● TASK DIRECTIONS
A faithful copy of every record is needed here. Images must not appear in it.

[[ INPUT, beginning ]]

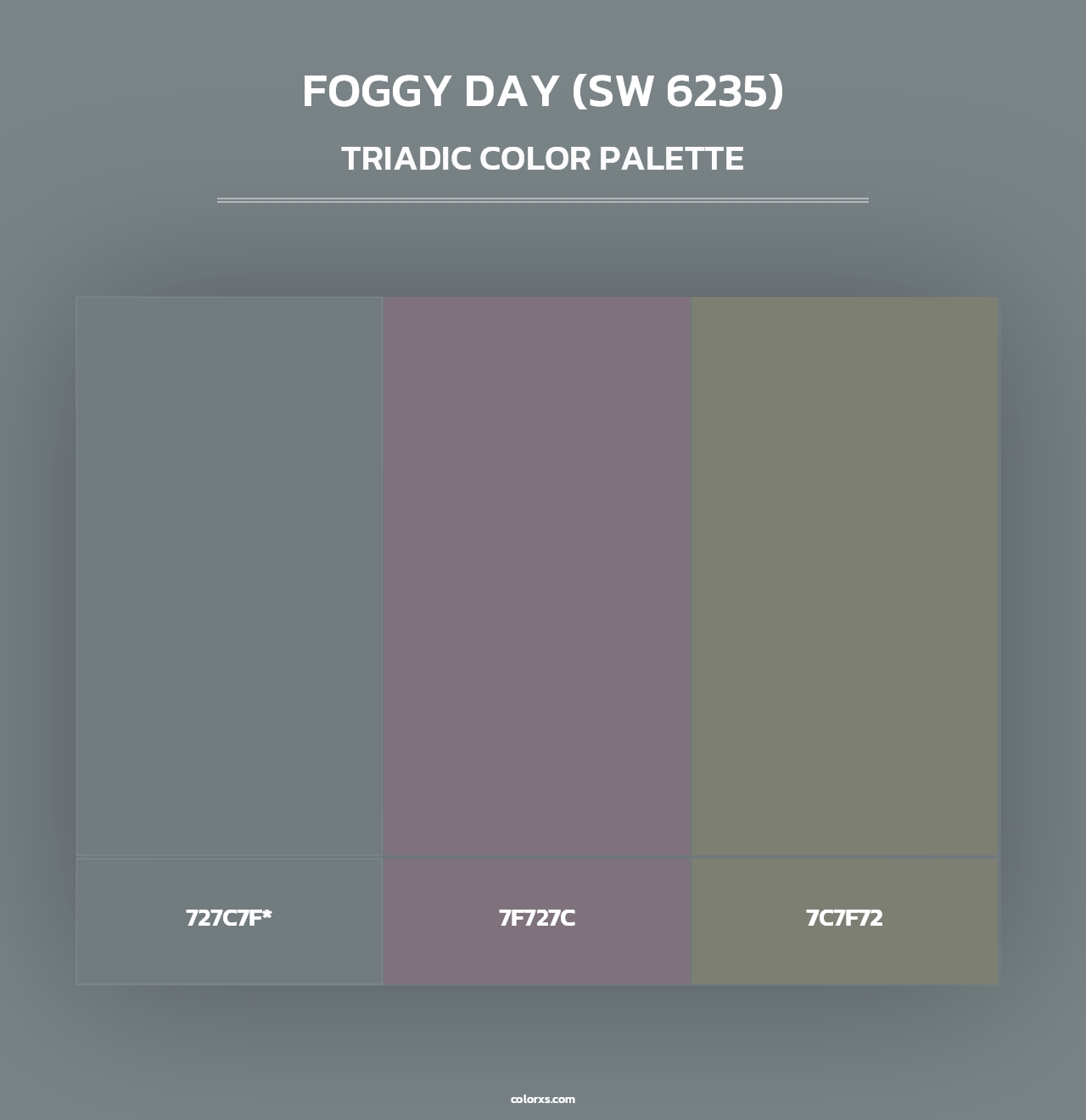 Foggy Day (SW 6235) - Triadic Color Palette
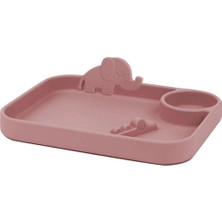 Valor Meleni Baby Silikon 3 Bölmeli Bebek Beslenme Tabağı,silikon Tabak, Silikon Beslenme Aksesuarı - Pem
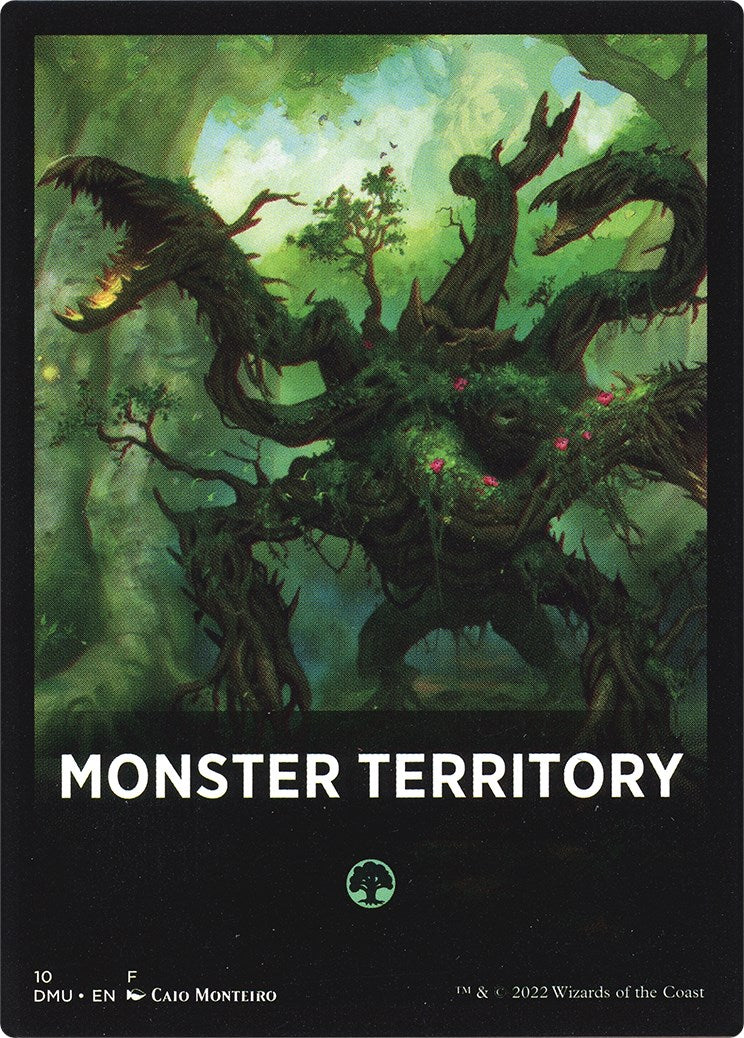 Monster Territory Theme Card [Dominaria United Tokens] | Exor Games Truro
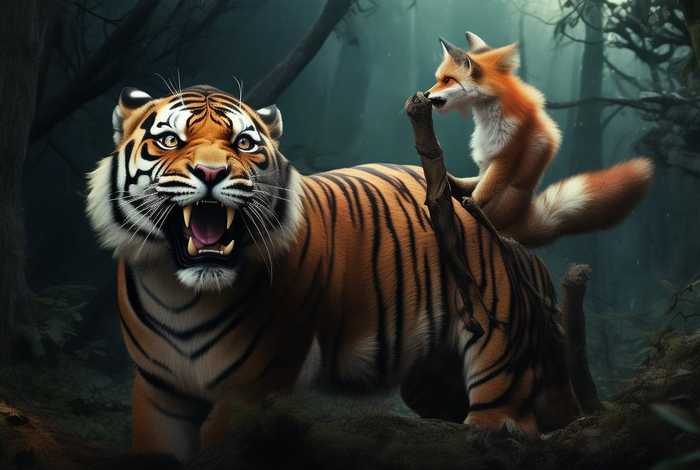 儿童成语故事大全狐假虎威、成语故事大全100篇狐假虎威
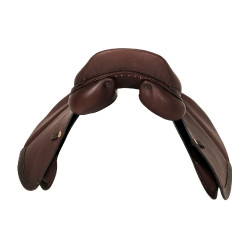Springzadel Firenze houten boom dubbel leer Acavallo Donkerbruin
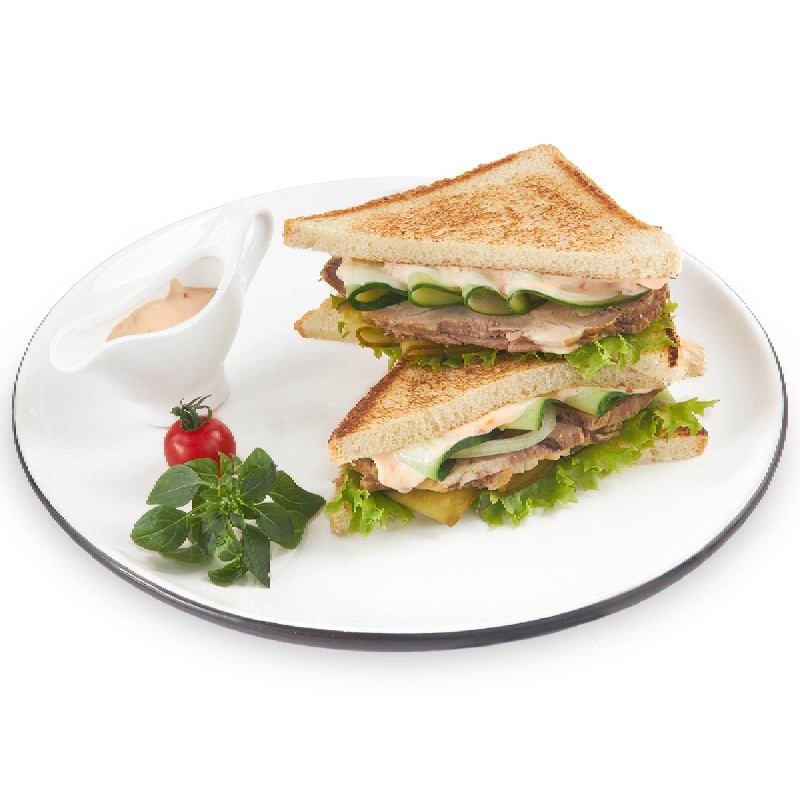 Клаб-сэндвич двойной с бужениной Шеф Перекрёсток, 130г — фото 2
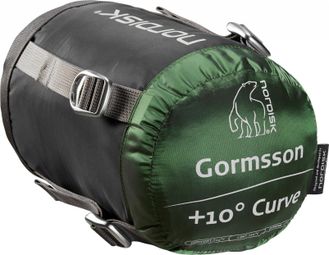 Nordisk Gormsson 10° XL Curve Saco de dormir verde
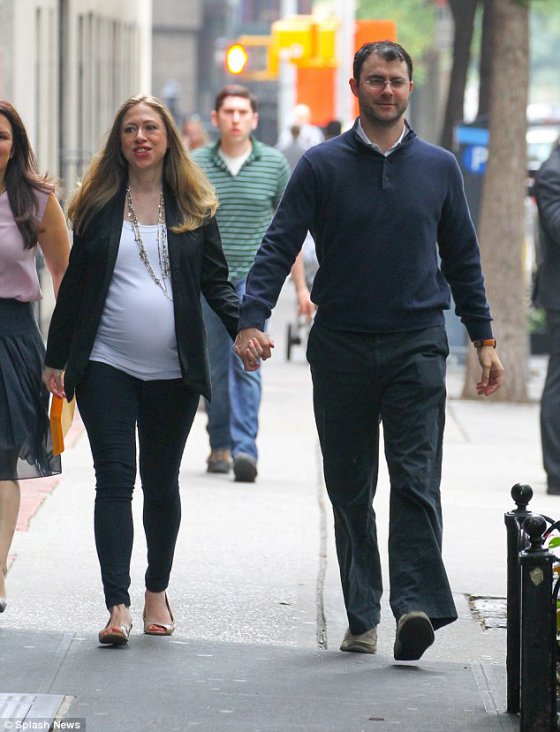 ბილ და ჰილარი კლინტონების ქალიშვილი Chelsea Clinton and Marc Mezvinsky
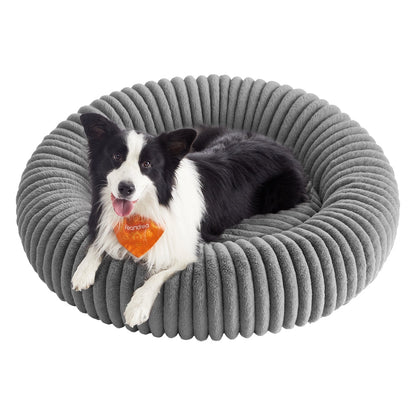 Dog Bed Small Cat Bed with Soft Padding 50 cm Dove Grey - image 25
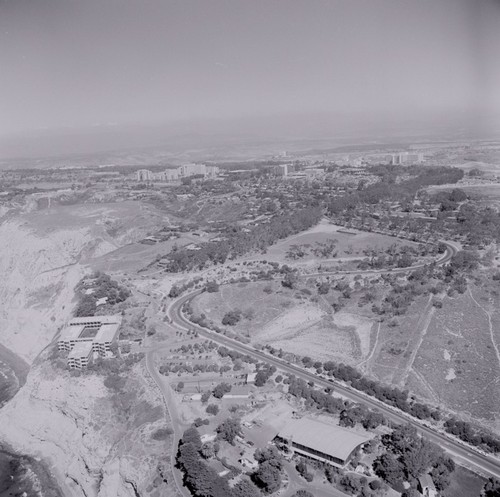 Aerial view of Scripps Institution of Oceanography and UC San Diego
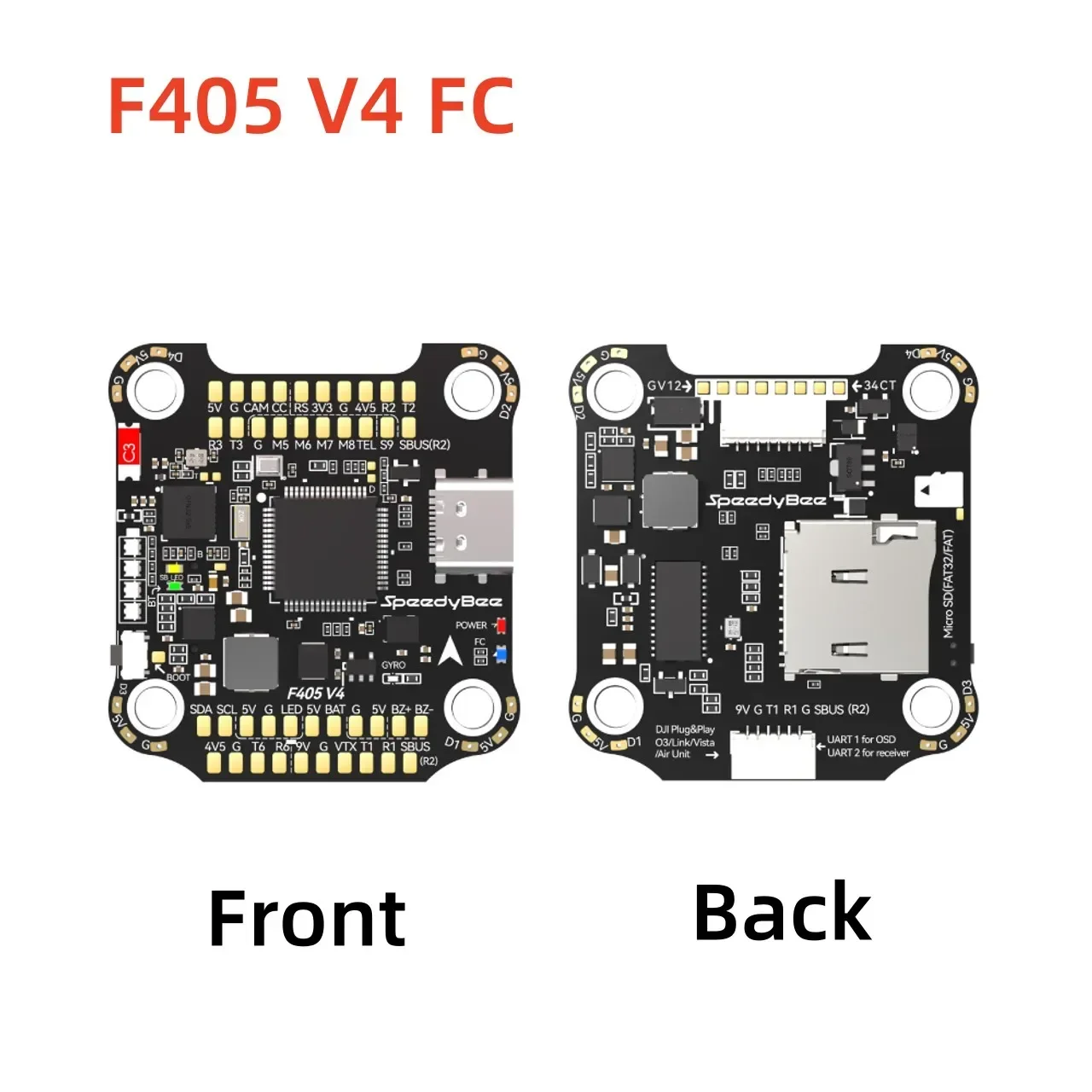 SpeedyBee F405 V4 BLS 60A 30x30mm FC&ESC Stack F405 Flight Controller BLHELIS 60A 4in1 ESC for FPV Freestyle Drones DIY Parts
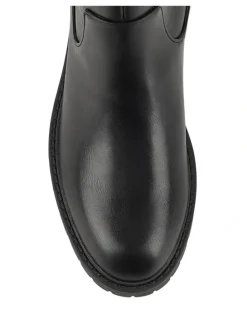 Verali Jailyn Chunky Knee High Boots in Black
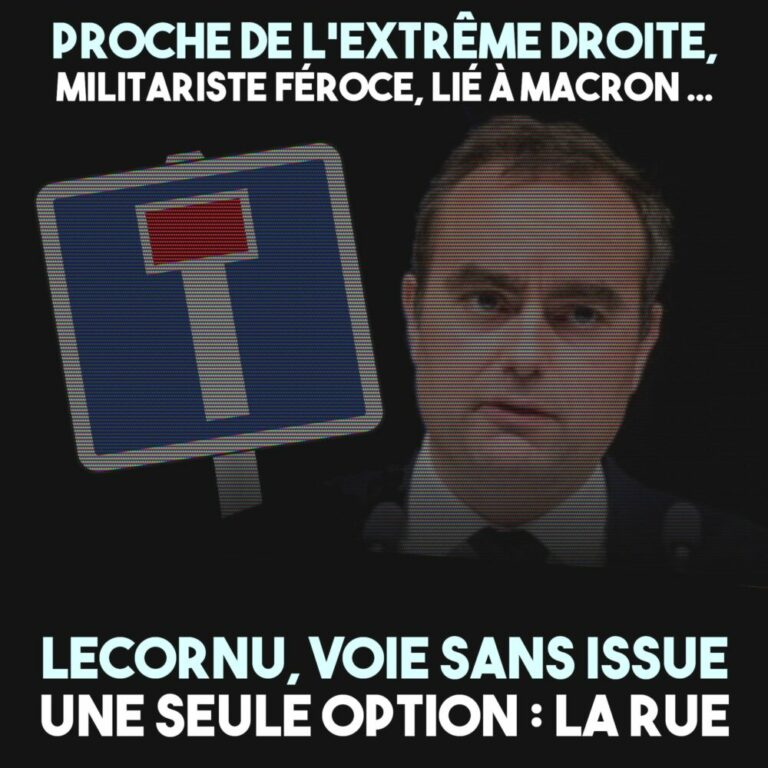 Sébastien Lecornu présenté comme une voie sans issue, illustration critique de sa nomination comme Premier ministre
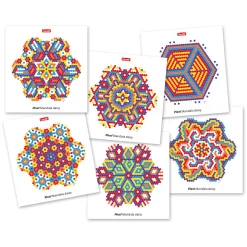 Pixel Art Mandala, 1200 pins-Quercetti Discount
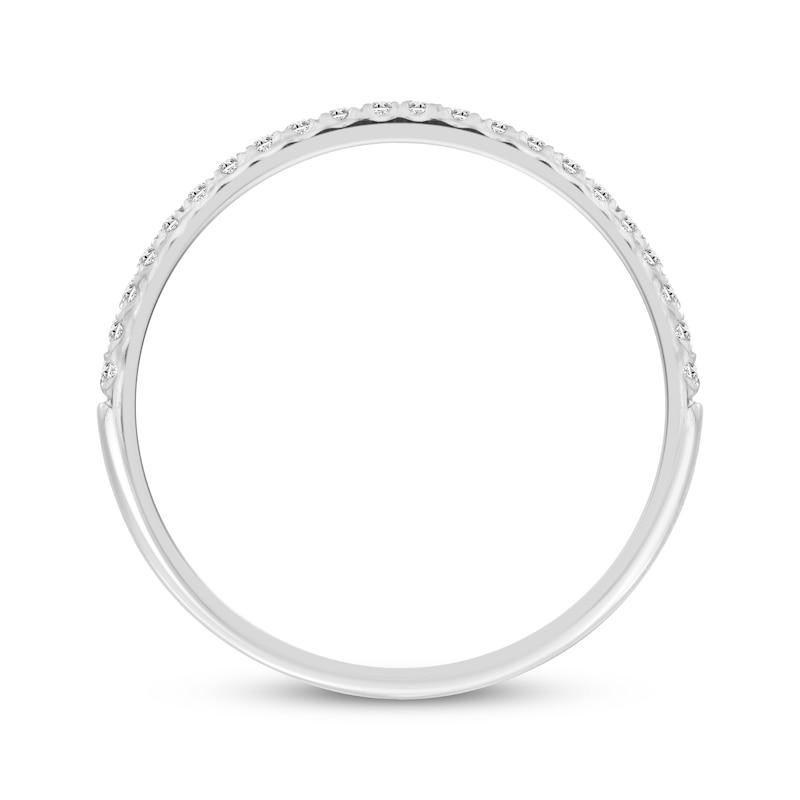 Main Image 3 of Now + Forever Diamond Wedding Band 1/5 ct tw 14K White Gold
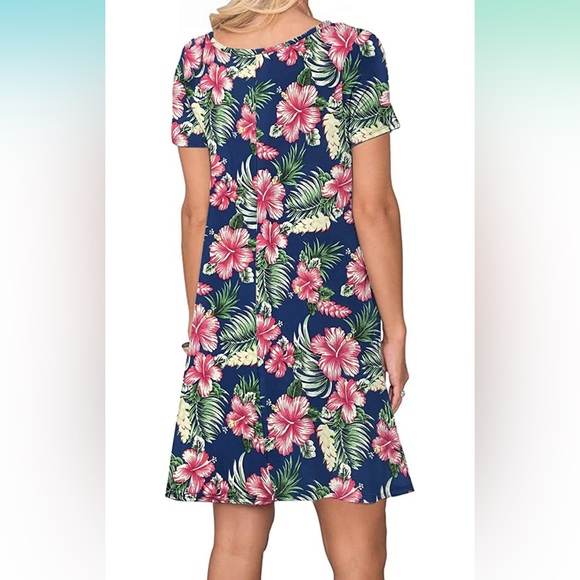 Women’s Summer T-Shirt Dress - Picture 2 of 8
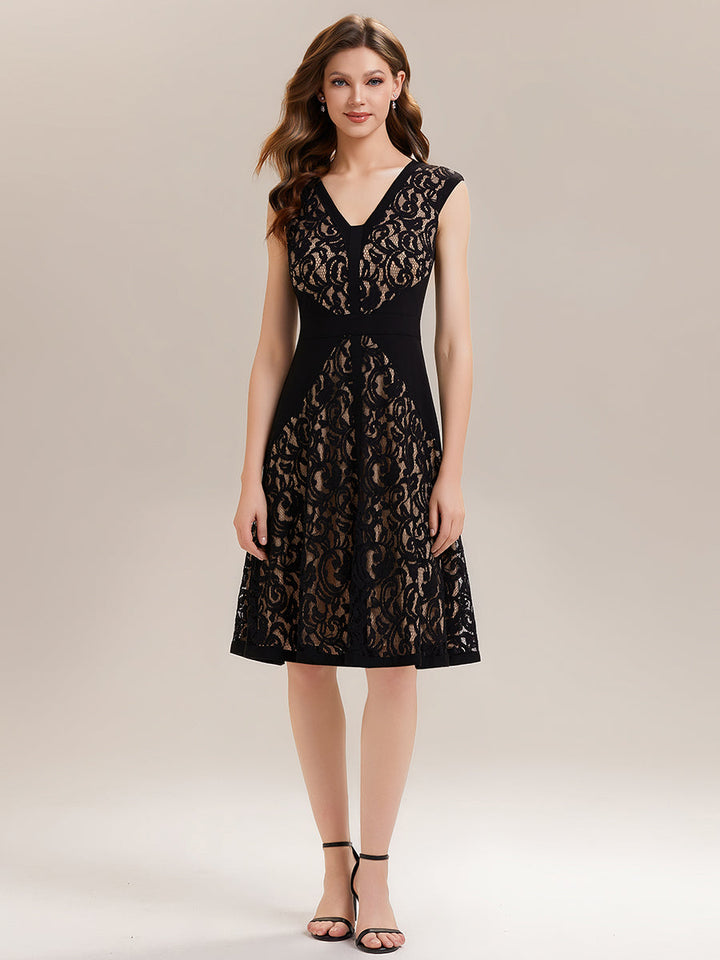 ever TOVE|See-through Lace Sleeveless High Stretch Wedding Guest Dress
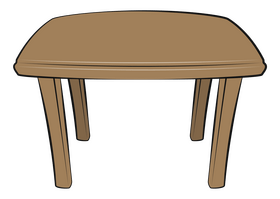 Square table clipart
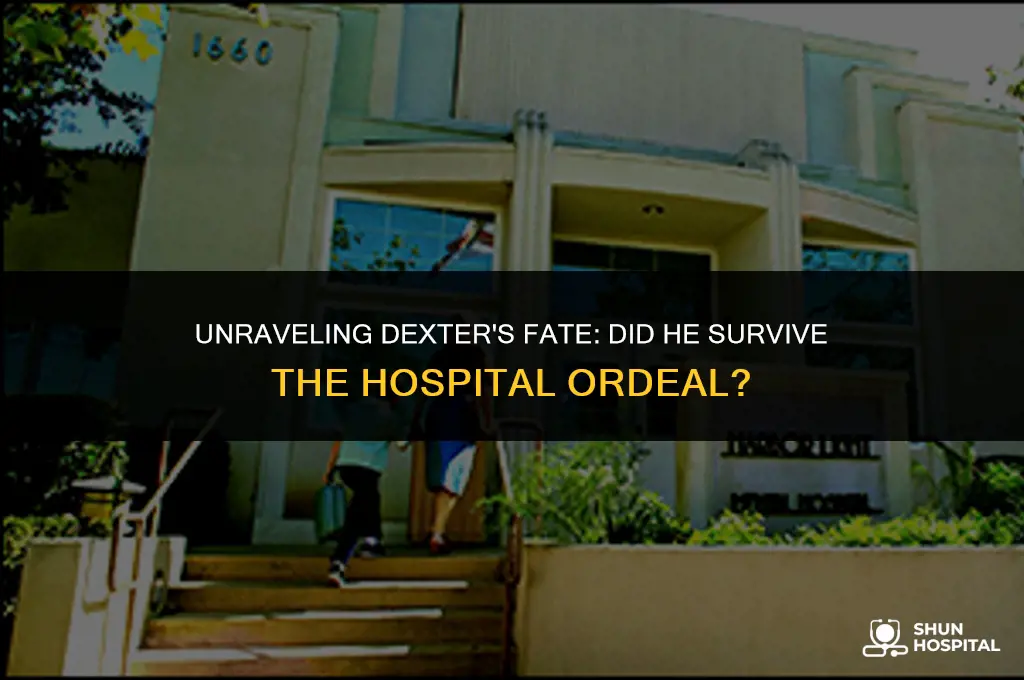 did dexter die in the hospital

[[ INPUT, end ]]

● COMPLETED TASK
 Foggy Day (SW 6235) - Triadic Color Palette
 Valor Meleni Baby Silikon 3 Bölmeli Bebek Beslenme Tabağı,silikon Tabak, Silikon Beslenme Aksesuarı - Pem
 Monster Territory Theme Card [Dominaria United Tokens] | Exor Games Truro
 儿童成语故事大全狐假虎威、成语故事大全100篇狐假虎威
Springzadel Firenze houten boom dubbel leer Acavallo Donkerbruin
 Клаб-сэндвич двойной с бужениной Шеф Перекрёсток, 130г — фото 2
 Nordisk Gormsson 10° XL Curve Saco de dormir verde
 ბილ და ჰილარი კლინტონების ქალიშვილი Chelsea Clinton and Marc Mezvinsky
 Dog Bed Small Cat Bed with Soft Padding 50 cm Dove Grey - image 25
 Aerial view of Scripps Institution of Oceanography and UC San Diego
 SpeedyBee F405 V4 BLS 60A 30x30mm FC&ESC Stack F405 Flight Controller BLHELIS 60A 4in1 ESC for FPV Freestyle Drones DIY Parts
 Verali Jailyn Chunky Knee High Boots in Black
 Sébastien Lecornu présenté comme une voie sans issue, illustration critique de sa nomination comme Premier ministre
 Pixel Art Mandala, 1200 pins-Quercetti Discount
 Main Image 3 of Now + Forever Diamond Wedding Band 1/5 ct tw 14K White Gold
 Women’s Summer T-Shirt Dress - Picture 2 of 8
 ever TOVE|See-through Lace Sleeveless High Stretch Wedding Guest Dress
 Square table clipart
 did dexter die in the hospital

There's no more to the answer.